Task statement |
Below are the entries to work from; restate word for word the portion that opens with the line containing "3 bedroom flat to rent - Photo 5" and closes with the line containing "Toyota Toyota C-HR 1.2 Turbo Active (10)", keeping both.

Dataset records |

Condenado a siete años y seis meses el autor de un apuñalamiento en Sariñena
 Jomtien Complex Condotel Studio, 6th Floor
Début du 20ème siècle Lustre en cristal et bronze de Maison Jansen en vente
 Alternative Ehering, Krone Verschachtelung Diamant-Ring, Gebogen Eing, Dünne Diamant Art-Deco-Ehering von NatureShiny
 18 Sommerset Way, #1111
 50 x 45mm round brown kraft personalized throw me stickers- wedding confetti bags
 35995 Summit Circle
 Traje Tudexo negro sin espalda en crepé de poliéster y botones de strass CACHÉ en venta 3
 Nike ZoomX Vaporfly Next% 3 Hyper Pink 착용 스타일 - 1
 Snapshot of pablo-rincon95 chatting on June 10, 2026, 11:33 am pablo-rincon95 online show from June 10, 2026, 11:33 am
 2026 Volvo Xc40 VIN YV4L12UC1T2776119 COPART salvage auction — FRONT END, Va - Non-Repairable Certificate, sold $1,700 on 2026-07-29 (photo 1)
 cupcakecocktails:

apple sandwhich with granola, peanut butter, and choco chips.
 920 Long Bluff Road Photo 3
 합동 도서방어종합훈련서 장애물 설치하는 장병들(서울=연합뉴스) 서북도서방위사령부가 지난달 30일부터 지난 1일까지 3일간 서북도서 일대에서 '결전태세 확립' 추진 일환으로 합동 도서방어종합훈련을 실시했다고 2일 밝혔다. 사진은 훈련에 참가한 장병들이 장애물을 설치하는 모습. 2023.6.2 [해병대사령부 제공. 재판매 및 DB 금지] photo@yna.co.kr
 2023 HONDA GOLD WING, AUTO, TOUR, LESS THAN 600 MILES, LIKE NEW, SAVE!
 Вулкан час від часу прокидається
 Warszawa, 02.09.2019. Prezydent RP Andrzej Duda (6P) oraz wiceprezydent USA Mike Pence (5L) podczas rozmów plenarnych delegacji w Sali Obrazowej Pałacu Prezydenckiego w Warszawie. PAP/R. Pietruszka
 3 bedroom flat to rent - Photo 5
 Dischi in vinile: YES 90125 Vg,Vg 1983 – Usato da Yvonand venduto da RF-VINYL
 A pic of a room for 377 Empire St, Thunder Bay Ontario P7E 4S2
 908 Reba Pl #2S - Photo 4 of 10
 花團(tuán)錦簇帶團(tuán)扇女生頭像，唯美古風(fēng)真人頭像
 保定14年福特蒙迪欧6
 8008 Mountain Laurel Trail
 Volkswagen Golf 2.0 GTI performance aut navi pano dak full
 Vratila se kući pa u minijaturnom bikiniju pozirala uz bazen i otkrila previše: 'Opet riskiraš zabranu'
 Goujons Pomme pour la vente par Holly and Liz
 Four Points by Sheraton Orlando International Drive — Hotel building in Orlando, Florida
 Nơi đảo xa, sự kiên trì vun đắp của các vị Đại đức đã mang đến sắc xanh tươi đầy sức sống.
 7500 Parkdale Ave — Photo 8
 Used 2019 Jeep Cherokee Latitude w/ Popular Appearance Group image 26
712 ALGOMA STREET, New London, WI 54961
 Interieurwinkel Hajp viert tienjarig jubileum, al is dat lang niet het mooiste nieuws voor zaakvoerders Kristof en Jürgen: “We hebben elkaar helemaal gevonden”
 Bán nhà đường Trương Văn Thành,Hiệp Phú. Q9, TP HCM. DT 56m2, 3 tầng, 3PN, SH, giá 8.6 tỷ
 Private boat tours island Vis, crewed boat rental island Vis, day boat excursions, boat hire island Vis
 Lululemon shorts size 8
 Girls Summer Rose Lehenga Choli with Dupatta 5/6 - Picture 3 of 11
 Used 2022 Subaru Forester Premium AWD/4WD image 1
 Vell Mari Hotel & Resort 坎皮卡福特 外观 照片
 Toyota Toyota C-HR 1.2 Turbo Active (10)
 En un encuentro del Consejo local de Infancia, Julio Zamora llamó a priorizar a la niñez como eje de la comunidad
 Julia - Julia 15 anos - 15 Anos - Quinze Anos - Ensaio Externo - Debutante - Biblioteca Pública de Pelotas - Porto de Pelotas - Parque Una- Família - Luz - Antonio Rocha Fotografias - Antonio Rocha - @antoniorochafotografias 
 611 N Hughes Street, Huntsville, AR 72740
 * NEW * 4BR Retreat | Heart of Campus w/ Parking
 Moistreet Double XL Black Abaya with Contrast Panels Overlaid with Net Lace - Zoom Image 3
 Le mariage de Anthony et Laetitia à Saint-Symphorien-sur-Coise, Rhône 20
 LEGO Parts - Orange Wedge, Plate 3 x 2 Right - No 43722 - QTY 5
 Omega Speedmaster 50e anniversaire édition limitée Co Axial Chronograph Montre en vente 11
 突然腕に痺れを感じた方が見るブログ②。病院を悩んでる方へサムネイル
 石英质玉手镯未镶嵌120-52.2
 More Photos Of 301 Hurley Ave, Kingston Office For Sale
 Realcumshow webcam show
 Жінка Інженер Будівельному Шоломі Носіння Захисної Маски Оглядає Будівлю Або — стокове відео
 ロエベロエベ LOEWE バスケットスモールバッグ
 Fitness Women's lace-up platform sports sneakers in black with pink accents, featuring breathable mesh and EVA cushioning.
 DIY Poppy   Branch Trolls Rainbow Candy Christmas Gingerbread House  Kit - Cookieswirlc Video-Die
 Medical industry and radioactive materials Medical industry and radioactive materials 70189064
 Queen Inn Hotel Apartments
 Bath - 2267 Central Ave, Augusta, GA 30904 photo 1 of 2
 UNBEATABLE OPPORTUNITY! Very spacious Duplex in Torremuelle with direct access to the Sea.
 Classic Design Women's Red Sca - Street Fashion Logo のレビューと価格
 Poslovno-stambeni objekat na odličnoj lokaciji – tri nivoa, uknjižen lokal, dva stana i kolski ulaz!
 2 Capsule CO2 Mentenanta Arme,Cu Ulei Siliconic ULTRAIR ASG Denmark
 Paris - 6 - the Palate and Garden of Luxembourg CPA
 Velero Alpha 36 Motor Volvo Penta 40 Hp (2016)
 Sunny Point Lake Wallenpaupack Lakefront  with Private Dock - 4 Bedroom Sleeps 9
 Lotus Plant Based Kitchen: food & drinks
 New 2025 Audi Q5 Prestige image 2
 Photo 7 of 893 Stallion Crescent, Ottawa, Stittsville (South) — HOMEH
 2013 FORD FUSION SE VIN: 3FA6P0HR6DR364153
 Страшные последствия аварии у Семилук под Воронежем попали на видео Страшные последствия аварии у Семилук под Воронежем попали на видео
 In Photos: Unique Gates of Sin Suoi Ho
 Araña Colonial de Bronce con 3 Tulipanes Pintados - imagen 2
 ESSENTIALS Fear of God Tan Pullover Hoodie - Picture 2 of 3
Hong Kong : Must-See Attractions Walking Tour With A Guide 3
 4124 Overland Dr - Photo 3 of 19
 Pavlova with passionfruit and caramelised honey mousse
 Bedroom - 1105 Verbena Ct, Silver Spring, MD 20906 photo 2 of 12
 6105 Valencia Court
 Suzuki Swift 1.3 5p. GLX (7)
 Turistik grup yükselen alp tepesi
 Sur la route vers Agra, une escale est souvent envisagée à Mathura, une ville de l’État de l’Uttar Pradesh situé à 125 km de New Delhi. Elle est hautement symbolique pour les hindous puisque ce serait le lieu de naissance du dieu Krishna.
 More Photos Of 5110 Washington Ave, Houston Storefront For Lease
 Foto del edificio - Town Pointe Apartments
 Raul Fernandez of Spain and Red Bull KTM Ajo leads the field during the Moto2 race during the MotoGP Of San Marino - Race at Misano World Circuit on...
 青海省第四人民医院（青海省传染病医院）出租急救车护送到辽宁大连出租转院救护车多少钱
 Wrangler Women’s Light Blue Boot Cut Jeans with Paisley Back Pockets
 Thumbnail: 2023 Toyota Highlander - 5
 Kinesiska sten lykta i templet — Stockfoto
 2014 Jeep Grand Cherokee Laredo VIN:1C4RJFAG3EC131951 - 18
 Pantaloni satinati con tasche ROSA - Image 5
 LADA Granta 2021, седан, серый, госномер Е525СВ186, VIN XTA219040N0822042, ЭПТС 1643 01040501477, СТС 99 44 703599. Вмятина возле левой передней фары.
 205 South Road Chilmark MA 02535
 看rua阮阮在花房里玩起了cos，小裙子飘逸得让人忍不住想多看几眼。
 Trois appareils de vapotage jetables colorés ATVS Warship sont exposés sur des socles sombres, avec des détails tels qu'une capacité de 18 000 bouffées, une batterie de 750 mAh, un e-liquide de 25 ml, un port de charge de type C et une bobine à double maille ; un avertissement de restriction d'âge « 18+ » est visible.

Your solution |
 3 bedroom flat to rent - Photo 5
 Dischi in vinile: YES 90125 Vg,Vg 1983 – Usato da Yvonand venduto da RF-VINYL
 A pic of a room for 377 Empire St, Thunder Bay Ontario P7E 4S2
 908 Reba Pl #2S - Photo 4 of 10
 花團(tuán)錦簇帶團(tuán)扇女生頭像，唯美古風(fēng)真人頭像
 保定14年福特蒙迪欧6
 8008 Mountain Laurel Trail
 Volkswagen Golf 2.0 GTI performance aut navi pano dak full
 Vratila se kući pa u minijaturnom bikiniju pozirala uz bazen i otkrila previše: 'Opet riskiraš zabranu'
 Goujons Pomme pour la vente par Holly and Liz
 Four Points by Sheraton Orlando International Drive — Hotel building in Orlando, Florida
 Nơi đảo xa, sự kiên trì vun đắp của các vị Đại đức đã mang đến sắc xanh tươi đầy sức sống.
 7500 Parkdale Ave — Photo 8
 Used 2019 Jeep Cherokee Latitude w/ Popular Appearance Group image 26
712 ALGOMA STREET, New London, WI 54961
 Interieurwinkel Hajp viert tienjarig jubileum, al is dat lang niet het mooiste nieuws voor zaakvoerders Kristof en Jürgen: “We hebben elkaar helemaal gevonden”
 Bán nhà đường Trương Văn Thành,Hiệp Phú. Q9, TP HCM. DT 56m2, 3 tầng, 3PN, SH, giá 8.6 tỷ
 Private boat tours island Vis, crewed boat rental island Vis, day boat excursions, boat hire island Vis
 Lululemon shorts size 8
 Girls Summer Rose Lehenga Choli with Dupatta 5/6 - Picture 3 of 11
 Used 2022 Subaru Forester Premium AWD/4WD image 1
 Vell Mari Hotel & Resort 坎皮卡福特 外观 照片
 Toyota Toyota C-HR 1.2 Turbo Active (10)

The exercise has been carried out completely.